Section 4.1.2 of the vignette has an explanation of how to learn a DBN.
The right way of constructing and using a dataset in your example is
mat <- matrix(data = rnorm(numEvents * numRows * numCols), ncol = numCols * numEvents)
varNames <- rep(paste0("var", 1:numCols), numEvents)
colnames(mat) <- varNames
dataset <- BNDataset(data = mat, discreteness = rep(F, ncol(mat)), variables = varNames, node.sizes = rep(3, ncol(mat)))
dbn <- learn.dynamic.network(dataset, num.time.steps = numEvents)
dbn
will have 120 effective nodes, divided in 40 layers.
Coming to the first question: one idea is to provide an initial network as starting point for the successive time steps. Assuming the dataset at time step t+1
is obtained by adding new columns to the dataset used at time step t
, you have to manually adapt the BN
object to represent the dataset.
From the package vignette:
It is also possible to provide an initial network as starting point for the structure search. This can be done using the
initial.network
argument, which accepts three kinds of inputs:
- a
BN
object (with a structure);- a
matrix
containing the adjacency matrix representing the structure of a network;- the string
random.chain
for starting from a randomly sampled chain-like network.
The simplest option is probably to keep an expand the DAG with 0
s at every augmentation, to have a network with more nodes, and no edges going to the new nodes, and to use that new DAG as starting point. In your example:
library(bnstruct)
numEvents <- 40
numRows <- 5
numCols <- 3
mat <- matrix(data = rnorm(numRows * numCols), ncol = numCols)
varNames <- paste0("var", 1:numCols)
colnames(mat) <- varNames
dataset <- BNDataset(data = mat,
discreteness = rep(F, ncol(mat)),
variables = varNames,
node.sizes = rep(3, ncol(mat)))
dbn <- learn.network(dataset)
for (event in 2:numEvents) {
# collect new data
new.mat <- matrix(data = rnorm(numRows * numCols), ncol = numCols)
colnames(new.mat) <- paste0(varNames, "_", event)
mat <- cbind(mat, new.mat)
dataset <- BNDataset(data = mat,
discreteness = rep(F, ncol(mat)),
variables = colnames(mat),
node.sizes = rep(3, ncol(mat)))
# expand structure of the DBN, adding the nodes relative to the new event
dbn.dag <- dag(dbn)
n.nodes <- ncol(dbn.dag)
new.dag <- matrix(0, nrow=ncol(mat), ncol=ncol(mat))

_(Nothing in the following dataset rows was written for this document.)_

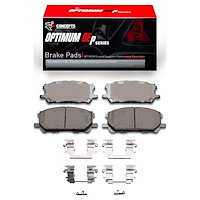 Optimum OE Brake Pads & Hardware Kit, 2004-2009 Lexus/Toyota/Scion, Position: Front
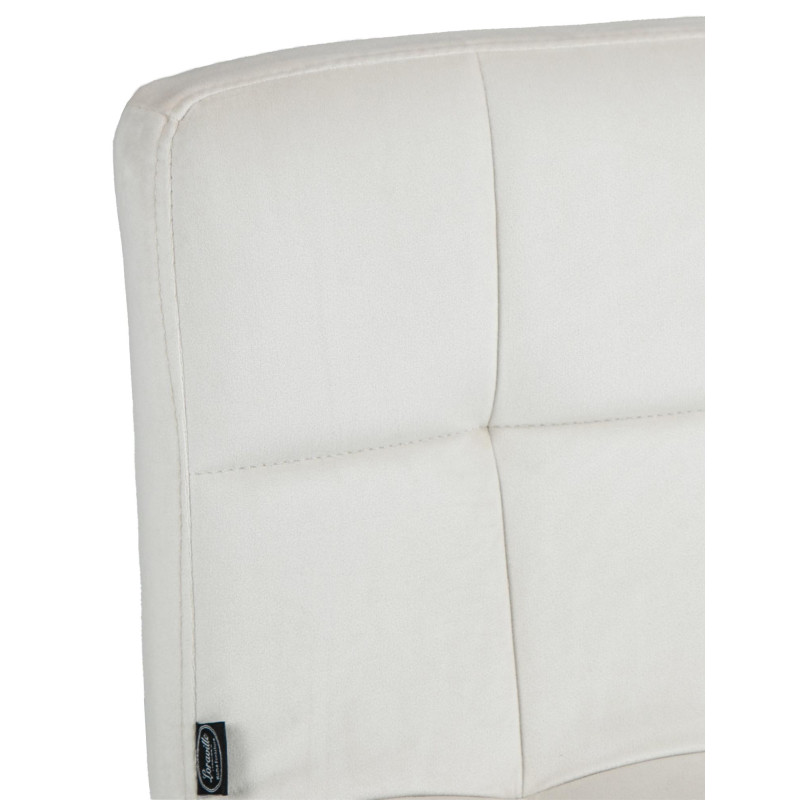 Lot de 2 tabourets de bar en velours Pérou blanc et crème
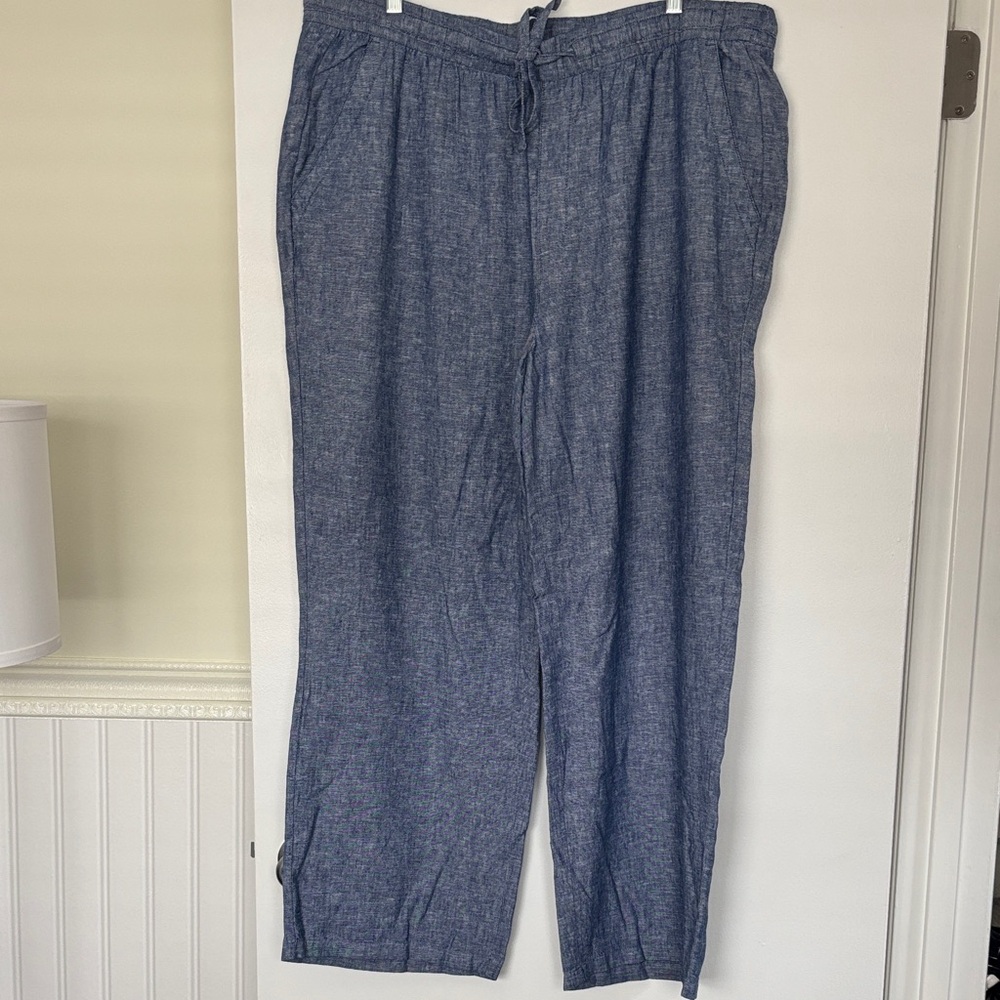 Old Navy Linen Wide Leg Drawstring Pants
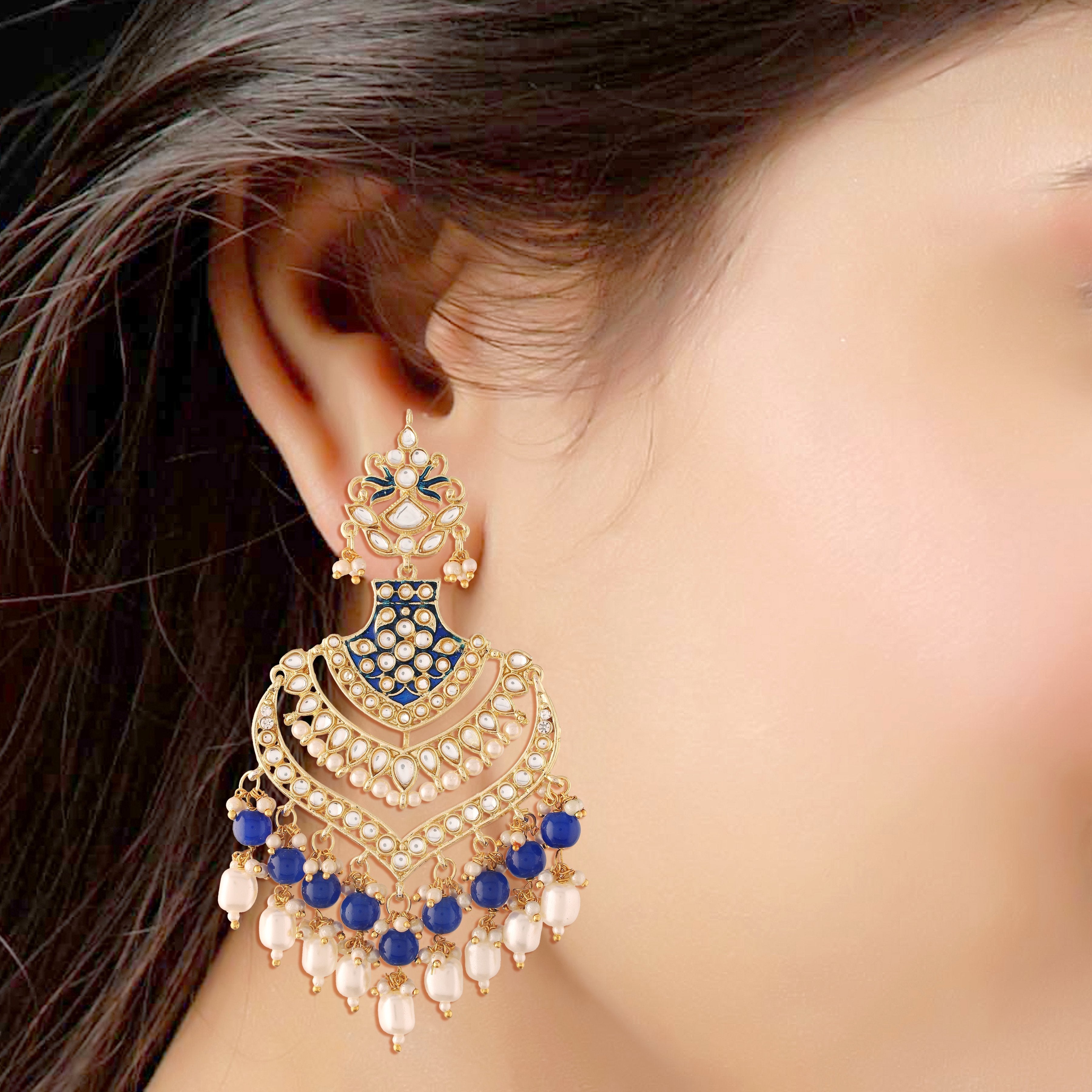 Women's  Gold Plated Blue Long Earrings Enamel Glided With Kundans & Pearls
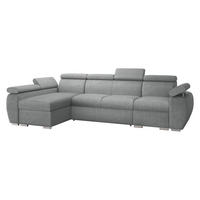 ECKSOFA Boston LCP, Seite: Links LCP+2R+1P(65) - Dunkelgrau/Silberfarben, Holz/Textil (320/170cm) - MIRJAN24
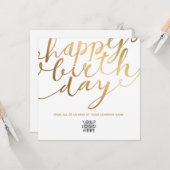 Logo-Imitate Gold Glamour Handschrift Geburtstag Karte (Vorderseite/Rückseite Beispiel)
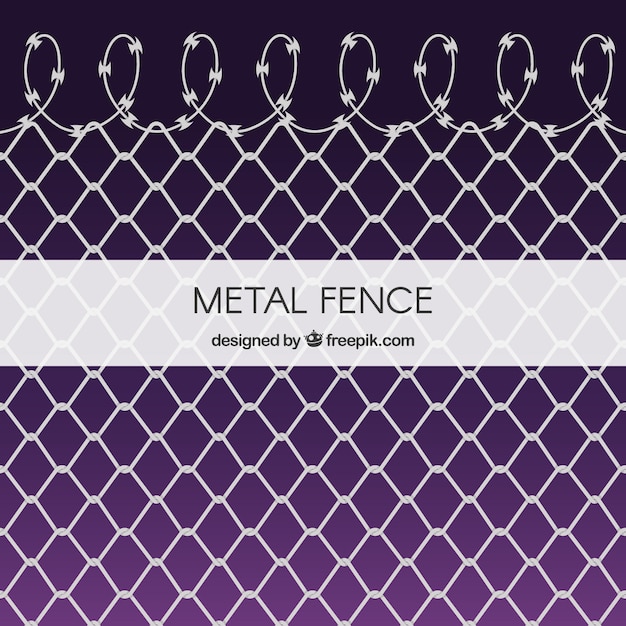 Metal fence with barbed wire on purple background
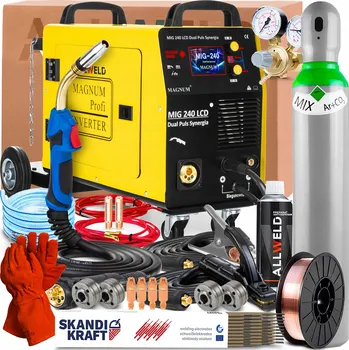 Svářečka POLOAUTOMAT MAGNUM MIG 240 LCD DUAL PULS SYNERGIE 230V 200A TIG LIFT MMA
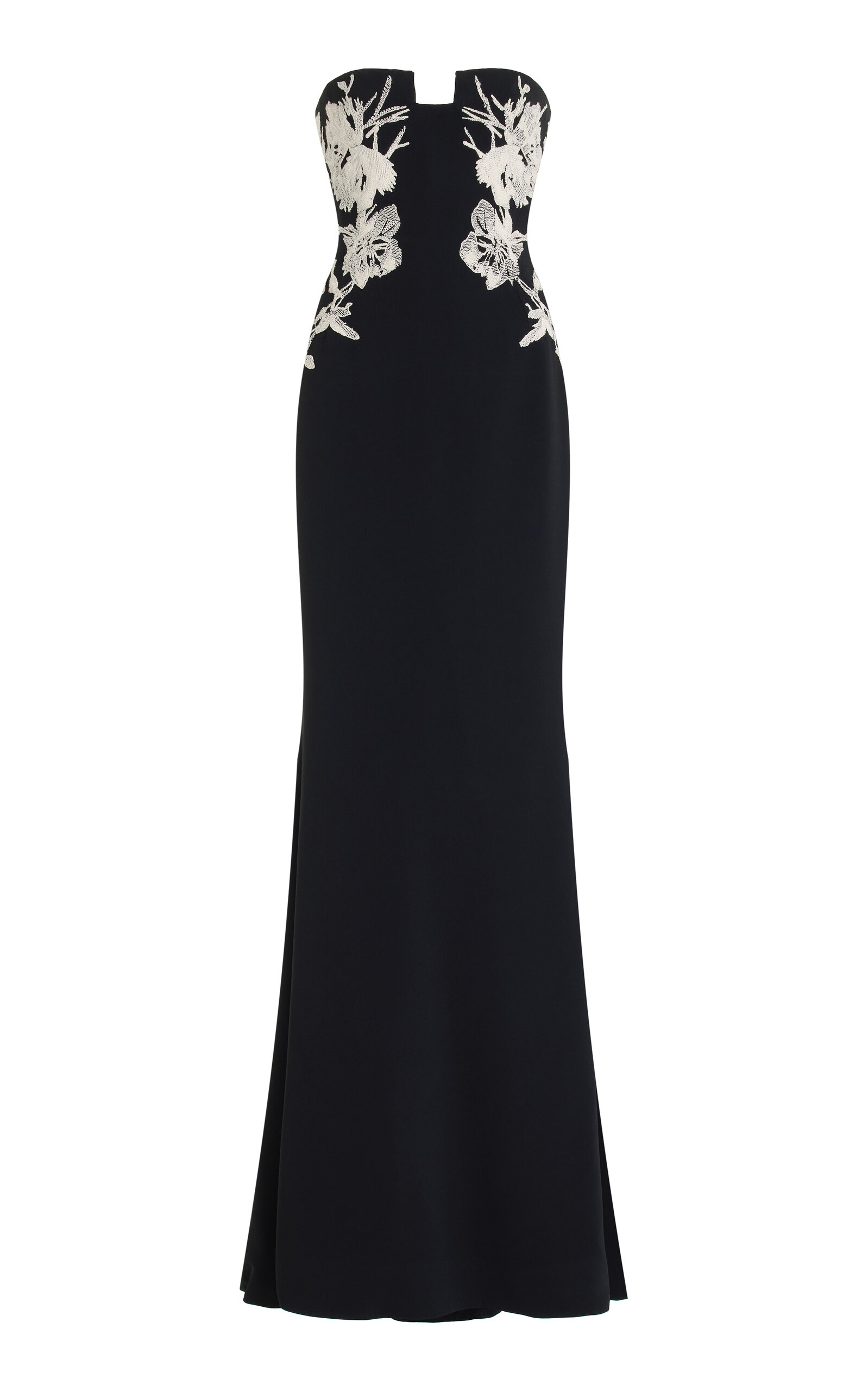 Elie Saab Tulle Floral Embroidered Maxi Dress In Black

new.dag[1:n.nodes, 1:n.nodes] <- dbn.dag
# learn
dbn <- learn.dynamic.network(dataset,
initial.network = new.dag,
num.time.steps = event)
}
This will, however, re-learn the whole DBN every time. If edges can go only to the immediate following layer you can trim the search space by providing a layer.struct
parameter, or by learning using two events at a time and manually building the larger DBN.
For the second question, bnstruct at the moment does not provide parallel processing.
Upvotes: 4